Steve P wrote: From an economic perspective what is the difference between this (local) guy investing in and opening a "chain" restaurant and some "local" with "out of town investors" (which I would speculate that many of the larger/successful ones have) opening a restaurant ?
Mark Head wrote:A franchise is not a "big box store".
Mark Head wrote: A franchise really is a local business for all practical economic reasons.
Mark Head wrote:I wouldn't consider 8-12% to be a drain on the "local" economy in exchange for the jobs created and the taxes paid to the city and state. A healthy economy would benefit from a mix of options which we have here locally.
andrew mellman wrote:With the best chains, this closely matches what you would pay for advertising yourself (in other words, the chain has enormous buying power, and taking what you would spend for paper goods and advertising, they can ship or provide the same items and pocket half the money).
Jeremy J wrote:To hell with the economics, the locals are just more interesting. 100% of the time.
Mark Head wrote:I wouldn't consider 8-12% to be a drain on the "local" economy in exchange for the jobs created and the taxes paid to the city and state. A healthy economy would benefit from a mix of options which we have here locally.
Nimbus Couzin wrote:And chains/franchises will tend to buy a lot of their supplies from corporate approved out of town suppliers. Locals don't have those restrictions and will run down the street to buy things, or buy from a local distributor. Big big big....
Rob Coffey wrote:Nimbus Couzin wrote:And chains/franchises will tend to buy a lot of their supplies from corporate approved out of town suppliers. Locals don't have those restrictions and will run down the street to buy things, or buy from a local distributor. Big big big....
Chains also buy supplies from corporate approved in town suppliers. Only they are buying for the entire chain, not just for the locals. Talk about big big big....
Actually, the two probably balance out on average.
I think some on here need a lesson in The Law of Comparative Advantage.
Nimbus Couzin wrote:Rob Coffey wrote:Nimbus Couzin wrote:And chains/franchises will tend to buy a lot of their supplies from corporate approved out of town suppliers. Locals don't have those restrictions and will run down the street to buy things, or buy from a local distributor. Big big big....

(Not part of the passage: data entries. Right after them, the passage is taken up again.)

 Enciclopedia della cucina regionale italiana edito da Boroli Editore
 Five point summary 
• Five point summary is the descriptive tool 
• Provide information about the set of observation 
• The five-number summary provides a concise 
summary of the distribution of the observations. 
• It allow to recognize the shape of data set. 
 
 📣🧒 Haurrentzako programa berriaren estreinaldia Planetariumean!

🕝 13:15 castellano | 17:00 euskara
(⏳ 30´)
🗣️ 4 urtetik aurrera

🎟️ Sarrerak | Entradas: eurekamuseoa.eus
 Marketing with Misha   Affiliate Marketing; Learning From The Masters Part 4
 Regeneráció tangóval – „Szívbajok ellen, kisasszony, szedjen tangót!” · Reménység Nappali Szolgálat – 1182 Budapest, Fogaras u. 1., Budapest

Chains also buy supplies from corporate approved in town suppliers. Only they are buying for the entire chain, not just for the locals. Talk about big big big....
Actually, the two probably balance out on average.

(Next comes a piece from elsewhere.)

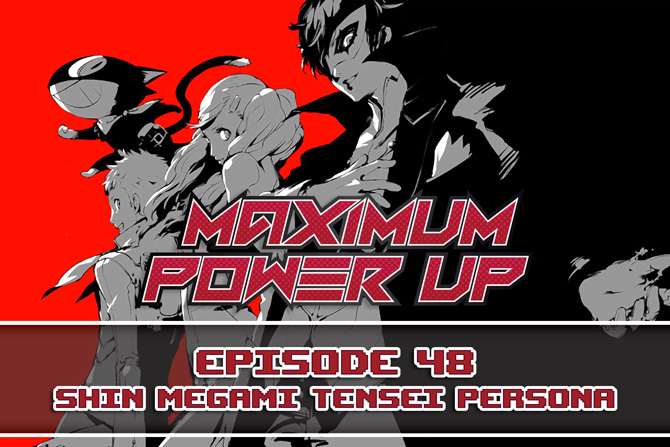 MPU Ep 48 Shin Megami Tensei Persona 670x447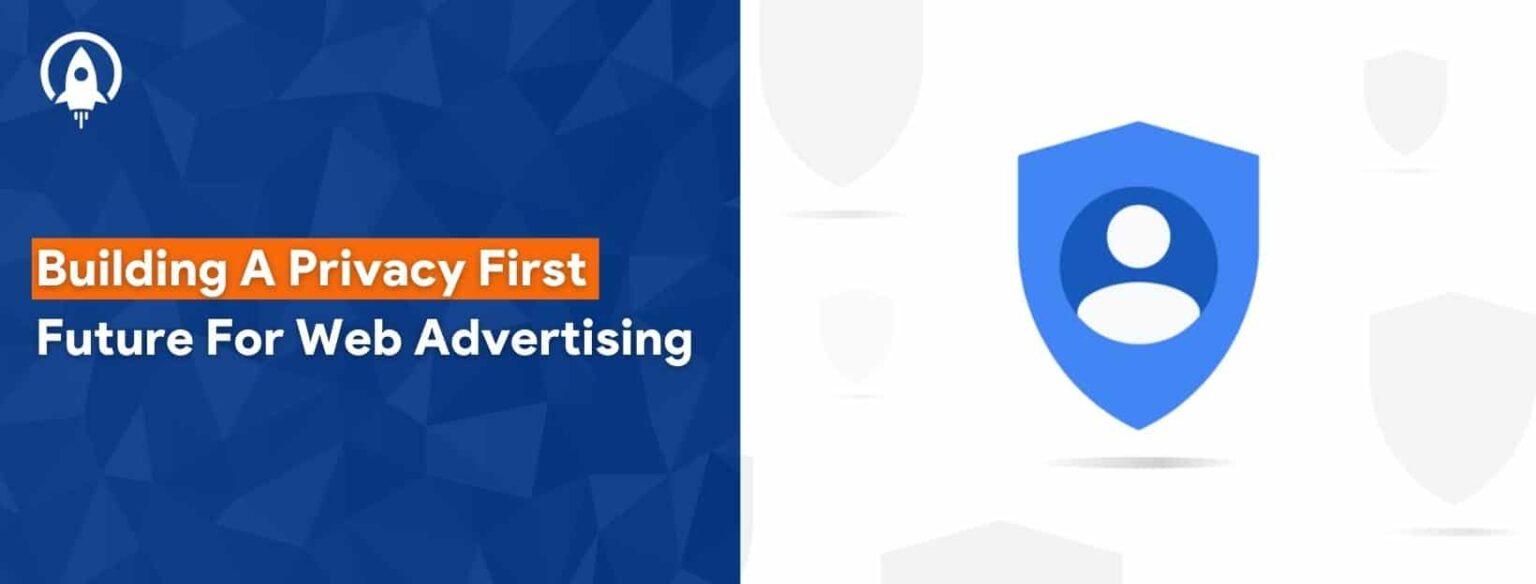 Google Ad Manager: Building a privacy-first future for web advertising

I think some on here need a lesson in The Law of Comparative Advantage.
So you're saying that the chain is already buying from some local suppliers? Or that the chain starts buying from local suppliers because they have a branch or two in town? Most likely the former, in which case, adding a new branch in town does NOT bring extra business to town. Whereas adding a local business DOES bring extra business to town.
You're really just arguing that chains aren't inherently all bad. Which isn't really the discussion in this thread.
From Wikipedia "In economics, the law of comparative advantage refers to the ability of a party (an individual, a firm, or a country) to produce a particular good or service at a lower opportunity cost than another party. It is the ability to produce a product with the highest relative efficiency given all the other products that could be produced.[1][2] It can be contrasted with absolute advantage which refers to the ability of a party to produce a particular good at a lower absolute cost than another.
Comparative advantage explains how trade can create value for both parties even when one can produce all goods with fewer resources than the other. The net benefits of such an outcome are called gains from trade. It is the main concept of the pure theory of international trade."
Lesson us, Rob.....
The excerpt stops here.